Security leaders weigh in
Stephen Kowski, Field CTO at SlashNext Email Security+:
“One of the biggest risks to business leaders is making decisions based on inaccurate, draft, or incomplete data, which can lead to missed opportunities, lost revenue, and reputational damage. The ConfusedPilot attack highlights this risk by demonstrating how RAG systems can be manipulated by malicious or misleading content in documents not originally presented to the RAG system, causing AI-generated responses to be compromised.
“An interesting part of the attack is the RAG taking instructions from the source documents themselves as if they were in the original prompt, similar to how a human would read a confidential document and say they can't share certain pieces of information. This demonstrates the need for robust data validation, access controls, and transparency in AI-driven systems to prevent such manipulation.

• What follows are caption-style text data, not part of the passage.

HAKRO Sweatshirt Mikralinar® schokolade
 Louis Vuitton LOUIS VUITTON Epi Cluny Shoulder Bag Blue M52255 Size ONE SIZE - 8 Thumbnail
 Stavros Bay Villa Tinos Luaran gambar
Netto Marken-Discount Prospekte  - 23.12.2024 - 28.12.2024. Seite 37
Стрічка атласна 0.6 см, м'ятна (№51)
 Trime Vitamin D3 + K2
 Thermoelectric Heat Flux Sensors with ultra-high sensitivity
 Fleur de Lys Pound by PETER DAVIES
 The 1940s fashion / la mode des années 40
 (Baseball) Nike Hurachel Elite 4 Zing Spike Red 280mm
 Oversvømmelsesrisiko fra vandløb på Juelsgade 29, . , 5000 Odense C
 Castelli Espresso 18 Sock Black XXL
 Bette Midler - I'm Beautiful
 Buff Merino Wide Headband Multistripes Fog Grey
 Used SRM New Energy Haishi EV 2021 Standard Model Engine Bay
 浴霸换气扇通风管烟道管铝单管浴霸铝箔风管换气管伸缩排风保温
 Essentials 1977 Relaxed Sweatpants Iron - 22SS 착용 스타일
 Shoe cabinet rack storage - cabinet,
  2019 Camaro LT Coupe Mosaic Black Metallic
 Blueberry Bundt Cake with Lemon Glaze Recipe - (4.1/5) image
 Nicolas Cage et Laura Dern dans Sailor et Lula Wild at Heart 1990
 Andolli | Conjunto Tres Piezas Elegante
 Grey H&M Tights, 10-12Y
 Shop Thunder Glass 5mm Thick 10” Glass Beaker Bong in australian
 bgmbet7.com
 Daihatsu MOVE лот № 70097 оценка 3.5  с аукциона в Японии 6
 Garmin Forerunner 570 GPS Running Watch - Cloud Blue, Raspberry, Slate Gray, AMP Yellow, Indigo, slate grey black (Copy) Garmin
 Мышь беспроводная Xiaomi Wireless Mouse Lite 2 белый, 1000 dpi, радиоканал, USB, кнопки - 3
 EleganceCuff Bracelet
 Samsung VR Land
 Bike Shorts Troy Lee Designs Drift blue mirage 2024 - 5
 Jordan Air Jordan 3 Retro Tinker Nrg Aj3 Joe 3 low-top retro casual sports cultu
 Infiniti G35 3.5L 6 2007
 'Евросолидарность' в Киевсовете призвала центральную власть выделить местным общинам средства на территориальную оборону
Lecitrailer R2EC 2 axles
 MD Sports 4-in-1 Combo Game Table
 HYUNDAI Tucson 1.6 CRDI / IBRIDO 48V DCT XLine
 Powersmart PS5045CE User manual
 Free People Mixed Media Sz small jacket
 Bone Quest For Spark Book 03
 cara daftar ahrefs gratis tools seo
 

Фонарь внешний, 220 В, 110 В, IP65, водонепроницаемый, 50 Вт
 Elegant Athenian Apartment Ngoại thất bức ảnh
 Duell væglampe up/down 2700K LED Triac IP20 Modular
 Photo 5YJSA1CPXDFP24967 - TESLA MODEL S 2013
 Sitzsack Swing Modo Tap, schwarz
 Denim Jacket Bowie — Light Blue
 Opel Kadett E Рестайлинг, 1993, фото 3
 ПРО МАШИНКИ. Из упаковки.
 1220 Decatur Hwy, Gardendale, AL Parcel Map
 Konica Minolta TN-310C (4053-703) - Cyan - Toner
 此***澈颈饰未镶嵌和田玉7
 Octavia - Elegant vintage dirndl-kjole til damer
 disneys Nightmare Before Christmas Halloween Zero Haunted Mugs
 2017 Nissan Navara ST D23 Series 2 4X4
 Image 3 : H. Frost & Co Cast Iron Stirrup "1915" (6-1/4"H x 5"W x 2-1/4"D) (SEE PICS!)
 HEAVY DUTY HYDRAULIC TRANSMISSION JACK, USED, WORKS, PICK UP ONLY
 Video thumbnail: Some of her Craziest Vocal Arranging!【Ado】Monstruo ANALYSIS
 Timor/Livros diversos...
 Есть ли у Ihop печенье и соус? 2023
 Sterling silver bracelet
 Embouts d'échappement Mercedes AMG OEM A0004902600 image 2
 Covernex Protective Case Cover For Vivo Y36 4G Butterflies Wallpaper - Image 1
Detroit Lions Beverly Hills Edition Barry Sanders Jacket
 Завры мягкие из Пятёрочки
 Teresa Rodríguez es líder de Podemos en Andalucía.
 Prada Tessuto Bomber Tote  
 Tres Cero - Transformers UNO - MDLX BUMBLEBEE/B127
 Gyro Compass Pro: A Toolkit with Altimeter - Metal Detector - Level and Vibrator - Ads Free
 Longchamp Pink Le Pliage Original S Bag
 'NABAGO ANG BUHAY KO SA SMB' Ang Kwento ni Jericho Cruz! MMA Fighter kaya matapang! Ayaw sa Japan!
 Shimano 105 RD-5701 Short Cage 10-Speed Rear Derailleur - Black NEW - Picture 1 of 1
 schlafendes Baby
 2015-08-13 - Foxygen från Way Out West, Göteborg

“Ultimately, this can lead to a wide range of unintended outcomes, including but not limited to denial of access to data, presentation of inaccurate information, access to deleted items that should be inaccessible, and other potential attacks by chaining these vulnerabilities together.”
Amit Zimerman, Co-Founder and Chief Product Officer at Oasis Security:
“Attackers are increasingly looking at weaker parts of the perimeter, such as non-human identities (NHIs), which control machine-to-machine access and are increasingly critical in cloud environments. NHIs now outnumber human identities in most organizations, and securing these non-human accounts is vital, especially in AI-heavy architectures like Retrieval-Augmented Generation (RAG) systems.
“To successfully integrate AI-enabled security tools and automation, organizations should start by evaluating the effectiveness of these tools in their specific contexts. Rather than being influenced by marketing claims, teams need to test tools against real-world data to ensure they provide actionable insights and surface previously unseen threats. Existing security frameworks may need to be updated, as older frameworks were designed for non-AI environments. A flexible approach that allows for the continuous evolution of security policies is vital.”
John Bambenek, President at Bambenek Consulting:
“As organizations adopt Gen AI, they want to train in corporate data, but often that is in dynamic repositories like Jira, SharePoint, or even trouble ticket systems. Data may be safe at one point, but can be become dangerous when subtly edited by a malicious insider. AI systems see and parse everything, even data that humans might overlook, which makes the threat even more problematic.
“This is a reminder that the rush to implementing AI systems is far outpacing our ability to grasp much less mitigate the risks.”